By the early 1900s, South Florida was becoming a prime destination for settlers. The region was an expanse of freshwater that farmers and settlers wanted to transform into farmable land. Canal-dredging projects drained water out of the Everglades (known as the River of Grass) and changed wetlands into land ready to be developed and farmed. As land opened up for such crops as sugar cane, tomatoes, beans, and potatoes, more settlers were attracted to the area, leading to further drainage. By 1927, 440 miles of canals, 47 miles of levees, and 16 locks and dams had been constructed throughout the region, according to CERP.

The hurricane of 1928 accelerated changes in the Everglades. The storm's landfall resulted in massive flooding, saltwater intrusion, and thousands of deaths. Calls for federal assistance were immediate and prompted future projects that removed more water from the Everglades and built additional flood-protection structures to prevent such destruction from happening again. The Everglades as it had existed for centuries was drastically altered. The River of Grass would eventually shrink to half the size it was at the beginning of the century, according to the Southwest Florida Water Management District.

At about the same time, a grassroots effort developed into a political movement to protect what remained of the natural environment in South Florida. In 1934, Congress authorized creation of a national park in the Everglades, and in 1947, Everglades National Park was established "to conserve the natural landscape and prevent further degradation of its land, plants, and animals". But the infrastructure that was draining and channeling the region's wetlands by altering freshwater flow had already set in motion a series of disturbances that continue to affect the park's ecosystem today.

Photograph shows underwater and above-water view of a boat with instrument in the water.
The Along-Track Reef-Imaging System (ATRIS), deployed from an adjustable pole mounted to the side of a boat, can provide scientists with information about the condition and type of seafloor.

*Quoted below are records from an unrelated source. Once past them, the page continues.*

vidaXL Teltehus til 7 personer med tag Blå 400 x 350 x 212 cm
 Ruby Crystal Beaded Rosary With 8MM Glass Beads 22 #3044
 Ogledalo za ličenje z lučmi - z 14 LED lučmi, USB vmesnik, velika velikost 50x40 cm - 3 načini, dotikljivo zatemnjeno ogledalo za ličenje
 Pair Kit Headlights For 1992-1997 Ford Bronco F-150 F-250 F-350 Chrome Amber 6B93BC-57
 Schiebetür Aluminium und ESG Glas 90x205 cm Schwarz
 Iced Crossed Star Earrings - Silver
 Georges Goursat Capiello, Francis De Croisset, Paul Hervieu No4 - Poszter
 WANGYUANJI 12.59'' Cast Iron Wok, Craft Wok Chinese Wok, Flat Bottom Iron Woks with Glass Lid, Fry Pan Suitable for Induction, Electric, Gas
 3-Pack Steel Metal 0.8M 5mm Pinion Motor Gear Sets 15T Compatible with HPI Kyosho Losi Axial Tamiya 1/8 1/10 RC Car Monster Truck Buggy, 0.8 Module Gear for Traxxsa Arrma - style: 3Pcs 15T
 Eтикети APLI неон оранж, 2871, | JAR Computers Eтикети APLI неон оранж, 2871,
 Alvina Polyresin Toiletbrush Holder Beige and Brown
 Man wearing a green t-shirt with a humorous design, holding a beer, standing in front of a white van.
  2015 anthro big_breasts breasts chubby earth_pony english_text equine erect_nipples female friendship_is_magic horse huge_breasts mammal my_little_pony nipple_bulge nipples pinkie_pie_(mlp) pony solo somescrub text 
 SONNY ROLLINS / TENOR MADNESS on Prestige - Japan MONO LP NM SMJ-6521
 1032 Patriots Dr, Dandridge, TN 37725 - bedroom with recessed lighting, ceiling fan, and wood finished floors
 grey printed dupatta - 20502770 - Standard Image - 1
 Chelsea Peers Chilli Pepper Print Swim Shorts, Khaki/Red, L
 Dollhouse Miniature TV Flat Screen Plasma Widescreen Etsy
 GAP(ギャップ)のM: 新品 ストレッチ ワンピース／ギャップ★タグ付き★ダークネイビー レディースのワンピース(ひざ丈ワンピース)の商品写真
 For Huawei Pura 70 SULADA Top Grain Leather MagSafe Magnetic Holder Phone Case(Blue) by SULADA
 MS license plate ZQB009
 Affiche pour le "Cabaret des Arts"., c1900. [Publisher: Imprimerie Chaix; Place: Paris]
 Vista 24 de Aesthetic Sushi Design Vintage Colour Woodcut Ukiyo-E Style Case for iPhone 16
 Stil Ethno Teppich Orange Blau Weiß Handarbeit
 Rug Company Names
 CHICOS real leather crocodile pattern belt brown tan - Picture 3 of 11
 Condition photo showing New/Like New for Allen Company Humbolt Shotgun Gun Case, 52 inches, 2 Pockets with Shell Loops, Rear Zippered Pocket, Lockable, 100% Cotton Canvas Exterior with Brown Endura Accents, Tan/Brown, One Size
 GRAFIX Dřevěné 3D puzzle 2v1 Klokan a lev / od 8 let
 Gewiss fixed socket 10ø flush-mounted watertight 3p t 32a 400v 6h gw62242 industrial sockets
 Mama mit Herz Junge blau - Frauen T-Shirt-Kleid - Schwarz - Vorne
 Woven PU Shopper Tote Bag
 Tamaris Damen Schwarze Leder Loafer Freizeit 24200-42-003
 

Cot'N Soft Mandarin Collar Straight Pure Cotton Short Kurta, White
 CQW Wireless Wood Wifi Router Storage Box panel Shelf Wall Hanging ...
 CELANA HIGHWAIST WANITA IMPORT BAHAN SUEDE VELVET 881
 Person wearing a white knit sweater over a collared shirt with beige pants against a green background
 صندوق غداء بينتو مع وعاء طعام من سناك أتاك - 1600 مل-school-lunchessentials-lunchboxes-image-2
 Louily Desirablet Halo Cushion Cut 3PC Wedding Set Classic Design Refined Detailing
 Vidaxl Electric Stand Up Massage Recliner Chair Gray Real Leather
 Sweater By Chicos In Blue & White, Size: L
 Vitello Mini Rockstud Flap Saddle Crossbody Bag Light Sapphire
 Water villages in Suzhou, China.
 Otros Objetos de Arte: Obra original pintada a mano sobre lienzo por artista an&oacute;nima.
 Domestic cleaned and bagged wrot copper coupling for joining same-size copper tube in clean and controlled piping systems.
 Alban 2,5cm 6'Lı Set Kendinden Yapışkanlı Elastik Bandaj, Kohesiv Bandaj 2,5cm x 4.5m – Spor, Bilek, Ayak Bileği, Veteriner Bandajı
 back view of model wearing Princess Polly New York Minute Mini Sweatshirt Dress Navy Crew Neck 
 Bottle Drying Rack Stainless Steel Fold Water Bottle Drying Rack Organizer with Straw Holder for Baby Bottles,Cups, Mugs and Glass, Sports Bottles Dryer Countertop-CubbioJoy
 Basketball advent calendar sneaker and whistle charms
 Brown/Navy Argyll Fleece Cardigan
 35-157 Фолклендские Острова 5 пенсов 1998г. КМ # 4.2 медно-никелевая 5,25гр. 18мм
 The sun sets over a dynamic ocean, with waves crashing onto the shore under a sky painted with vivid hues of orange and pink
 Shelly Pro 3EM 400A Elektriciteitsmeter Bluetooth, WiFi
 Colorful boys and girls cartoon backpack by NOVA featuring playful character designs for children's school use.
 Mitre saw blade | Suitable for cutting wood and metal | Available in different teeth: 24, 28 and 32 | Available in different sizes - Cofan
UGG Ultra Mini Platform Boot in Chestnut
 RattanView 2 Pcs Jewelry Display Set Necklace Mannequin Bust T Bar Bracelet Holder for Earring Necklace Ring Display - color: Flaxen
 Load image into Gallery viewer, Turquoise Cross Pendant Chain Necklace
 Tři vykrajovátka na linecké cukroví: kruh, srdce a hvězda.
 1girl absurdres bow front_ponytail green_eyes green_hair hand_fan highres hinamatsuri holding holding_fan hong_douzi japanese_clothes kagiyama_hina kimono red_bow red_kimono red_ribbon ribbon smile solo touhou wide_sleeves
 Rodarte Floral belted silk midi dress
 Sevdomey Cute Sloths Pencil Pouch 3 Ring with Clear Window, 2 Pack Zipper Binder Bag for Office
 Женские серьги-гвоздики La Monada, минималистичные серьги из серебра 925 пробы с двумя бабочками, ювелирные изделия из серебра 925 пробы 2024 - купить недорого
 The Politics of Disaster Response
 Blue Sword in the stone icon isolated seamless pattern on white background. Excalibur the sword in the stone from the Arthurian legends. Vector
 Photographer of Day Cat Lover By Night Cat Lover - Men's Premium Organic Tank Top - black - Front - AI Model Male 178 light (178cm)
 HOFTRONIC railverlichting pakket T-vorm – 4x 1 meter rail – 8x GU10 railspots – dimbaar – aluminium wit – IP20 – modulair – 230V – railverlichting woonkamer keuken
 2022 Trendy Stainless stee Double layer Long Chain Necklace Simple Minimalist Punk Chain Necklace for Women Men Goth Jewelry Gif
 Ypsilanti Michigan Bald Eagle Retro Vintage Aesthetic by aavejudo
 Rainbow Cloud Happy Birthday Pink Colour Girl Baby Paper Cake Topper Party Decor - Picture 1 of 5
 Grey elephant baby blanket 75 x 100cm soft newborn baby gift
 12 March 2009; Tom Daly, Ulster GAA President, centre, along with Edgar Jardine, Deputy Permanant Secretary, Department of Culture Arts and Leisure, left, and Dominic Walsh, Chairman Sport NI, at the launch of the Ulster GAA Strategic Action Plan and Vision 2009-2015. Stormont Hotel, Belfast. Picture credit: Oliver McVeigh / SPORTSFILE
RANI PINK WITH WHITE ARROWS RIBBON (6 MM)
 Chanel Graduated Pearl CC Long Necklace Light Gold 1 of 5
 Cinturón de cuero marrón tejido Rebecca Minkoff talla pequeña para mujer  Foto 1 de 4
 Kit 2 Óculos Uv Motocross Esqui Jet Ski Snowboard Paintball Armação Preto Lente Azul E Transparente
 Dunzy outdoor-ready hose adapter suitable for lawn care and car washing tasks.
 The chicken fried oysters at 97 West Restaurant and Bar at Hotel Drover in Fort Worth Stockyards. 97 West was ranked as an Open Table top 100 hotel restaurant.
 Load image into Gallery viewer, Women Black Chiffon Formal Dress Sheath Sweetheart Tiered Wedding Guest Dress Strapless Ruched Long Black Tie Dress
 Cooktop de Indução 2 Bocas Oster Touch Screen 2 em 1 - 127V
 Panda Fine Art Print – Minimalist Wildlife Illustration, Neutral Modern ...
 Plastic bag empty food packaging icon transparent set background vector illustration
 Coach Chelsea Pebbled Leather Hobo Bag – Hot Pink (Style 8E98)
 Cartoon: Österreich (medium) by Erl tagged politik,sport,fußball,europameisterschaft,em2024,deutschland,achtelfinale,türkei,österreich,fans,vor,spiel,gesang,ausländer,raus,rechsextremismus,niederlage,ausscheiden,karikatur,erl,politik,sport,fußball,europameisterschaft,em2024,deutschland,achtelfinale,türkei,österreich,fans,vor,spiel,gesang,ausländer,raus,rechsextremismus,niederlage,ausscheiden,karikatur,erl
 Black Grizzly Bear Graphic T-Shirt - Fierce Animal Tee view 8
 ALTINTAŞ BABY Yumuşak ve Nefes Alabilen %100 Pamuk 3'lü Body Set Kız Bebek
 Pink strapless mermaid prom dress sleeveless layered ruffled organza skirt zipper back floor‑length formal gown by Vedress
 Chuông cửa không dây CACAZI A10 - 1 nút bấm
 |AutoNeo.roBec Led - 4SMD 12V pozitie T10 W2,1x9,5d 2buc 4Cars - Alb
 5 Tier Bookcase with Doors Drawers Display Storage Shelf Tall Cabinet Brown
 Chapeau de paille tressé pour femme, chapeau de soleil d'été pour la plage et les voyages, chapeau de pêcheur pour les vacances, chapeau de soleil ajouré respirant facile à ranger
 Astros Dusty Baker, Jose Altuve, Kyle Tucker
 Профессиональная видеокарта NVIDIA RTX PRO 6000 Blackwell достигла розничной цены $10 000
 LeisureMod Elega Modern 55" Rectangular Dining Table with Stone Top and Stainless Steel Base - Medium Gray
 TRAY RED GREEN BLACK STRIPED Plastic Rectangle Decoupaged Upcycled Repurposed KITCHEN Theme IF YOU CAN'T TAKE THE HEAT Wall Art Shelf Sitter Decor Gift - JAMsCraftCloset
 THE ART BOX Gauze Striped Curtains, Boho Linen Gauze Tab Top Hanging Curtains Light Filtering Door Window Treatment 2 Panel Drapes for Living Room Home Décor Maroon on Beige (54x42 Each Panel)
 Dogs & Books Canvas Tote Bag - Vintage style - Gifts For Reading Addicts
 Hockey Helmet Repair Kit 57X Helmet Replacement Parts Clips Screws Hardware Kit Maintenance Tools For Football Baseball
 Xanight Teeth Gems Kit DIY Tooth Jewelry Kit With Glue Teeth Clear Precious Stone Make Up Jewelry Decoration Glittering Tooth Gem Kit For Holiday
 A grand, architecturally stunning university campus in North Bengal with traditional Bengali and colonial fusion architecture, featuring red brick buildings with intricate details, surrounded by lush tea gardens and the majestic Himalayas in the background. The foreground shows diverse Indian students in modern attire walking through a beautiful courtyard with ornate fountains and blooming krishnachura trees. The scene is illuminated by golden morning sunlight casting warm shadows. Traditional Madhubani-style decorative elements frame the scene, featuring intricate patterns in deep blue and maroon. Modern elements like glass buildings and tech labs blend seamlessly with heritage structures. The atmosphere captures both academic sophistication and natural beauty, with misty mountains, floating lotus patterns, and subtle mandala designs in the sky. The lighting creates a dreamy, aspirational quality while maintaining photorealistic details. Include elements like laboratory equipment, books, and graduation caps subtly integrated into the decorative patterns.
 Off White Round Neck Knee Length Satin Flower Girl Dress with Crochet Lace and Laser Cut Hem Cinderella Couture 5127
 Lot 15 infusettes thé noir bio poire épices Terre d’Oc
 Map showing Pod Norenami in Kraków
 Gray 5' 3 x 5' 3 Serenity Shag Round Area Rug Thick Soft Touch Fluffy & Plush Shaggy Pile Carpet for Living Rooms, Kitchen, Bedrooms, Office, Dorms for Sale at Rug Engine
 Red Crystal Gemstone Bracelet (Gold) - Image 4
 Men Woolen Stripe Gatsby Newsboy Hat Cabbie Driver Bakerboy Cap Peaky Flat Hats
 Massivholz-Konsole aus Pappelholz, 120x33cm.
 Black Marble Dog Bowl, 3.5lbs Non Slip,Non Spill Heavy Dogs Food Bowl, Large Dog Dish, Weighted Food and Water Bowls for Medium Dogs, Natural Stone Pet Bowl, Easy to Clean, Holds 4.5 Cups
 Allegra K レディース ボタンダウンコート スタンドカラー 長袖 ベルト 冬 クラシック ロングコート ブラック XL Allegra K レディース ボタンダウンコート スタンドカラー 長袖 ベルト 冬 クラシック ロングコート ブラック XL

To begin restoration of the Everglades, scientists must first piece together the region's natural conditions before drainage. A USGS database of historical maps, charts, and aerial photographs has given scientists a glimpse of the changes that have taken place over the past century and a half. The database contains charts and maps that document explorations into the region from the mid- to late-19th century. Aerial photographs date back to a U.S. Army Air Corps survey of the region in 1928. Additional surveys took place in 1940, 1952, and 1964. All such maps and surveys are electronically scanned into the database, and through a process known as georeferencing, researchers pinpoint precise locations among each map, chart, and aerial photograph through the years.

Georeferencing allows researchers to see gradual and, in some cases, sudden changes to the landscape. One clue comes in the form of ecotones, boundaries between two ecological systems. By tracing shifts in ecotones, scientists can view landscape change in terms of ecology. "Using these photos and maps and charts, we can pinpoint where alterations took place and separate out the human signals from the natural signals to determine why these systems changed," said USGS ecologist Tom Smith of the Southeast Ecological Science Center in Gainesville, Florida.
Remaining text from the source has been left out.